Viral exanthem – non-pruritic
Auriculotemporal syndrome—non-pruritic
Sweet syndrome – painful rather than pruritic and long-lasting
plaques. Fever, arthralgia may be present.
Atopic dermatitis—ill-defined border with scaling and
persists for prolonged duration
Contact dermatitis -- present in area of contact, vesicle
may be present
Drug eruptions
How do we treat urticaria?
Acute urticaria in most cases resolve spontaneouslyChronic urticaria require treatments.
What are the commonly used pharmacological agents?
Histamine antagonist and steroids
Which antihistamines (H1 blockers) are prescribed?
Second generation antihistamines are usually preferred as they
are-
Non-sedating
Lack anticholinergic effects
Less drug interactions
Less frequent dosing
No data demonstrate that any specific agent is more
effective than another for the treatment of acute urticaria, although a few
studies in patients with chronic urticaria suggest that cetirizine levocetirizine
may be modestly more effective than other agents.

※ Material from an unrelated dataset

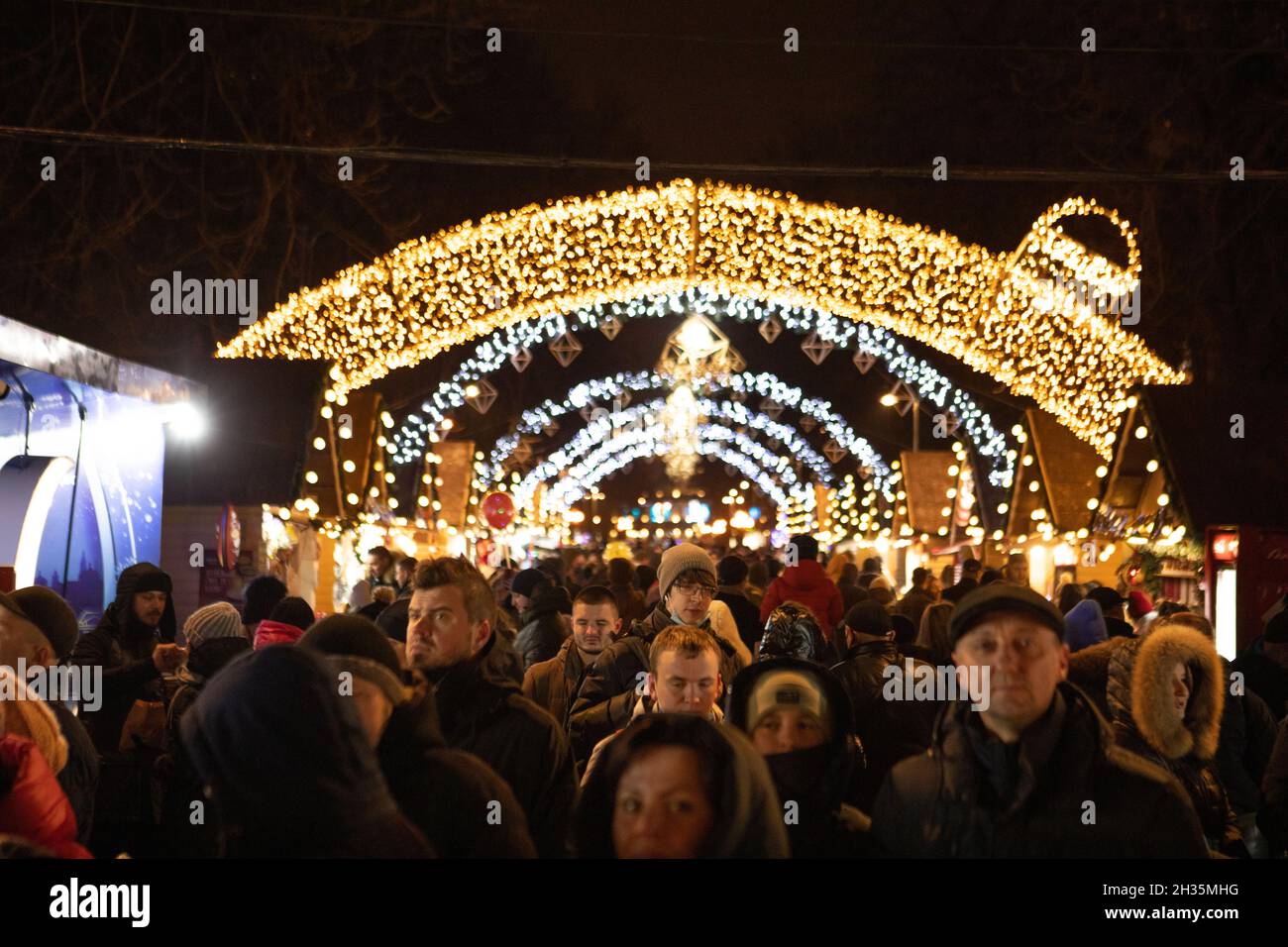 Lviv, Ukraine - January 3, 2021: overhead view of people walking by christmas fair copy space Stock Photo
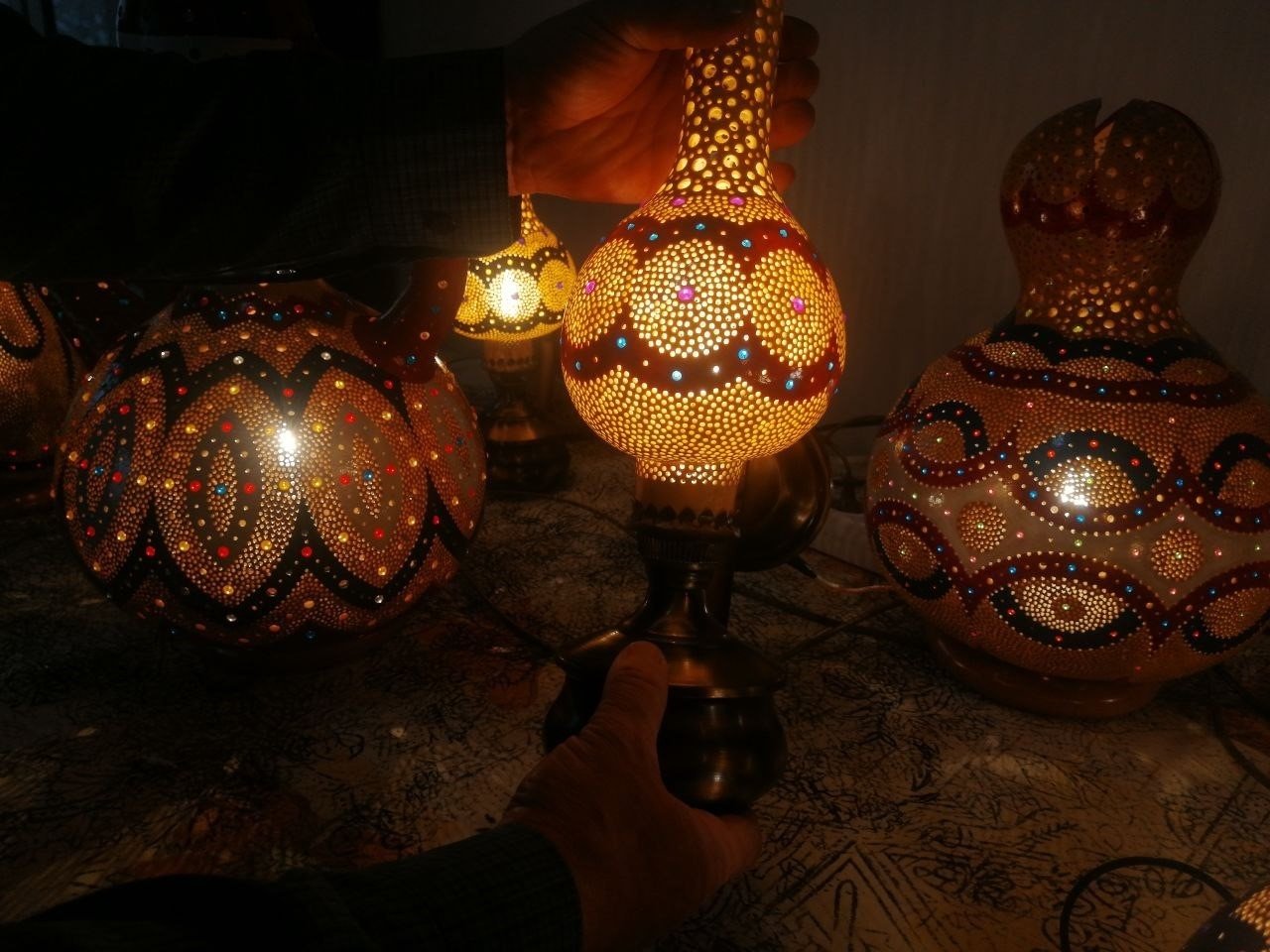 Calabash (bottle gourd) lamps handmade by Serdar Takuçin, Elazağı, eastern Turkey, Jan. 18, 2022. (IHA Photo)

What is the role of H2 blocker antihistamines?
Some of the physicians prescribe combination of H1 and H2
blockers in cases of urticaria.
The 3-drug combination of H1 and H2 antihistamine with a
leukotriene receptor antagonist (montelukast) is helpful for many patients.
What is the role of steroids?
If hives persist after maximal H1 - and/or H2 -receptor
blockade has been achieved, a brief course of oral corticosteroids may be
considered, but long-term steroid use is best avoided.
OMALIZUMAB HAS BEEN APPROVED FOR REFRACTORY CHRONIC URTICARIA TREATMENT IN CHILDREN ABOVE 12 YEARS AND ADULT
How do we treat cold urticaria?
Cyproheptadine in divided doses is the drug of choice for
cold-induced urticaria.
How do we treat dermatographism?
Treatment of dermatographism consists of local skin care and
antihistamines; for severe symptoms, high doses may be needed.